August 23, 2017 —The haunting and allusive “Marjorie Prime” is a sci-fi film set in the near future but its emotional resonance is bracingly immediate. Based on the 2014 play of the same name by Jordan Harrison, and written and directed by Michael Almereyda, it is, in the largest sense, a movie about memory.
We first meet Marjorie (Lois Smith), an 86-year old widow touched by dementia, as she speaks with Walter (Jon Hamm) in the comfort of her cozy beige beach house living room. She welcomes his presence but seems slightly uneasy. “I feel like I have to entertain,” she says to him, and it soon becomes clear that Walter is, in fact, a highly realistic hologram of her husband, who died 15 years earlier.
He has been selected to look like Walter at his best mid-40s handsomeness and was provided to Marjorie by her skeptical daughter Tess (Geena Davis), who thinks the whole idea is creepy, and her much more enthusiastic son-in-law Jon (Tim Robbins), who recognizes Marjorie’s need for comforting companionship, however abstract.
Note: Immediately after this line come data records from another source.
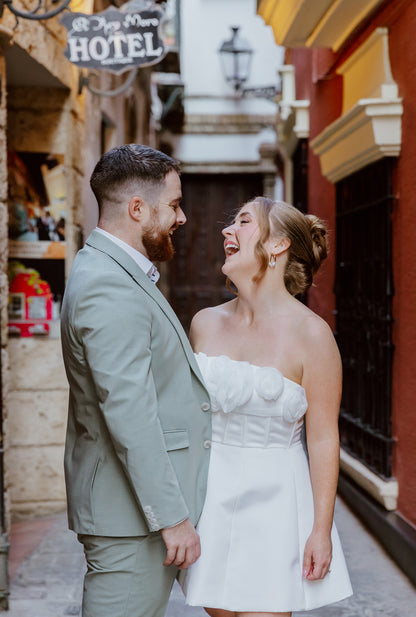 WEDDING PHOTO SESSION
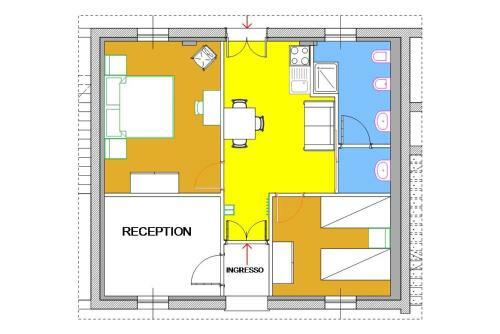 Apartamento Relais Ca' Serena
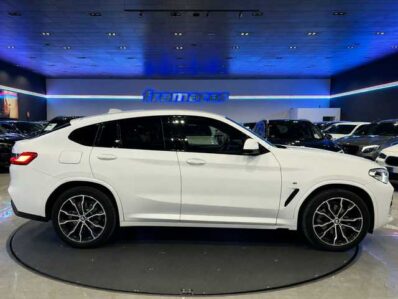 BMW X4 xDrive20d 140 kW (190 CV)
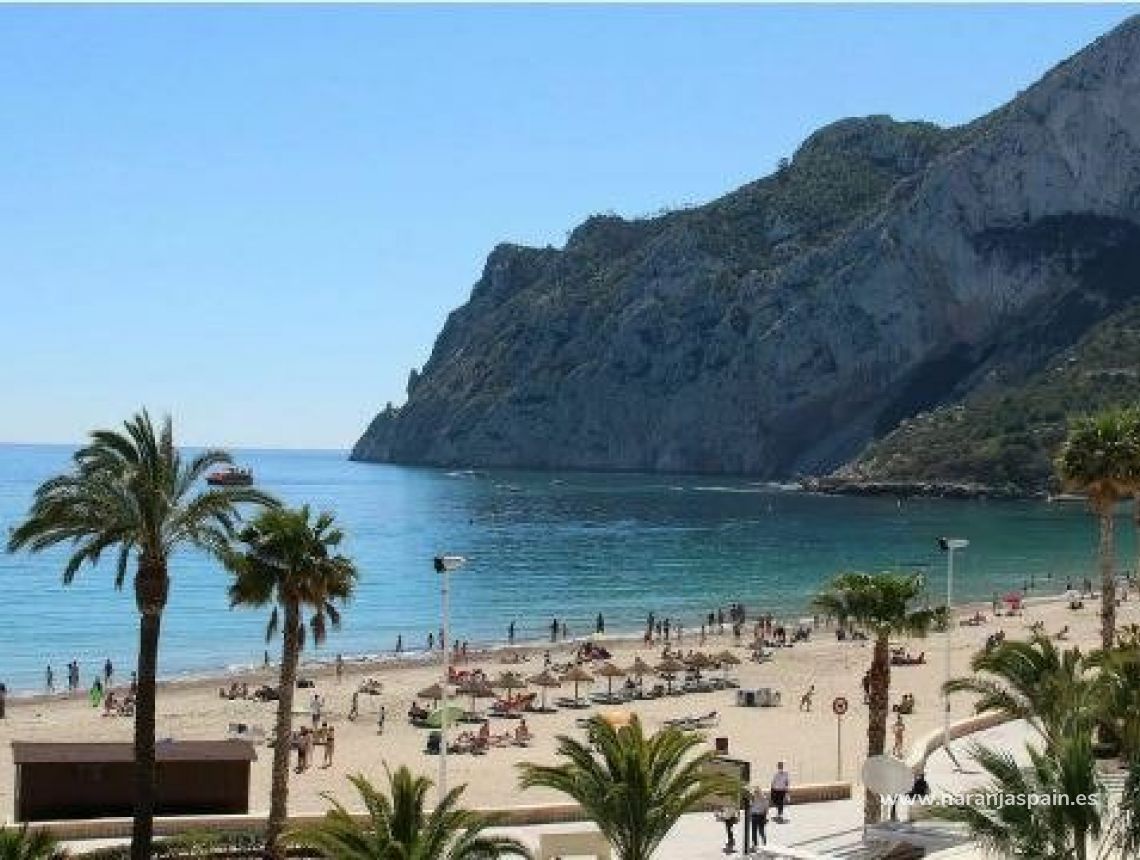  - Апартаменты - Calpe - Playa De La Fossa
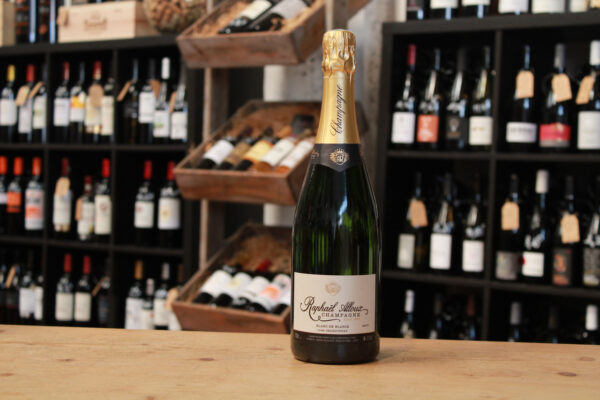 ALLOUX BLANC DE BLANCS BRUT CHAMPAGNE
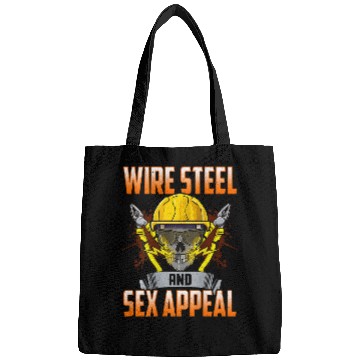 Discover Electrical Fun Lineman Electrician Power Line Technician Gift Electrician Bags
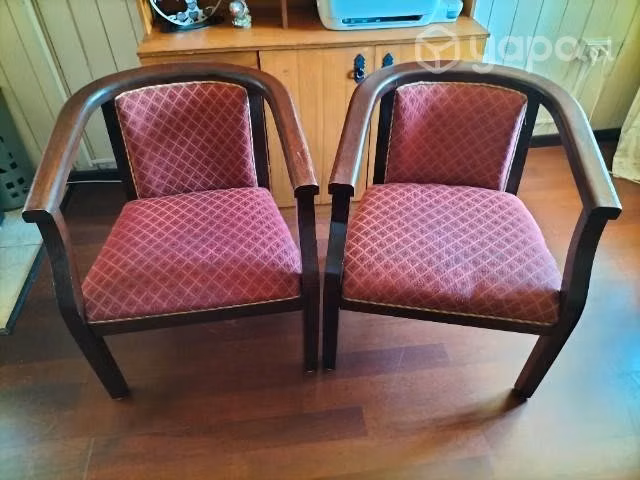 Sillón más dos sitiales - Imagen 5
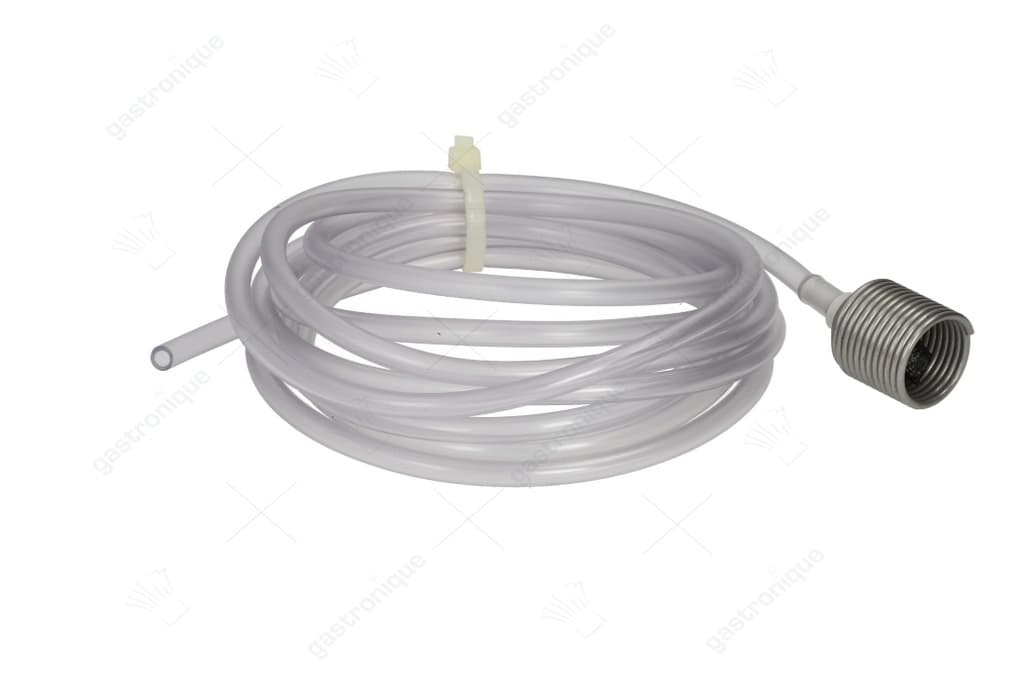 foot filter with 4 m pvc pipe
Walter is a Prime, which means, as a hologram, he receives information about Marjorie from the bits of information filtered through their conversations, or from his background sessions with Jon, who attempts to fill in much of her past. The poignancy of the Marjorie-Walter interactions is that Marjorie both believes and disbelieves that this man, whose soothingness is slightly robotic, is her husband. Gestures or responses from him that don’t exactly evoke Walter are met by Marjorie with a befuddled agitation.
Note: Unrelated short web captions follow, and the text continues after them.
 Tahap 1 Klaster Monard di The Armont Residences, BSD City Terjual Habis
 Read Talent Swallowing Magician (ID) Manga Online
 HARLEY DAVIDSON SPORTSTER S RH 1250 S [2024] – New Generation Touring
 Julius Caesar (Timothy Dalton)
She is reminded by Walter of a romantic date watching “My Best Friend’s Wedding,” and she sweetens the memory by asking, “What if we went to see ‘Casablanca’ instead?” And so this becomes their new reminiscence, their new reality. What transpires between them in these sessions is like a fantasia of how we alter our memories to fit our desires. After a while, Walter, in his hesitancies and proclivity to please, seems as complexly human as anybody else in the movie.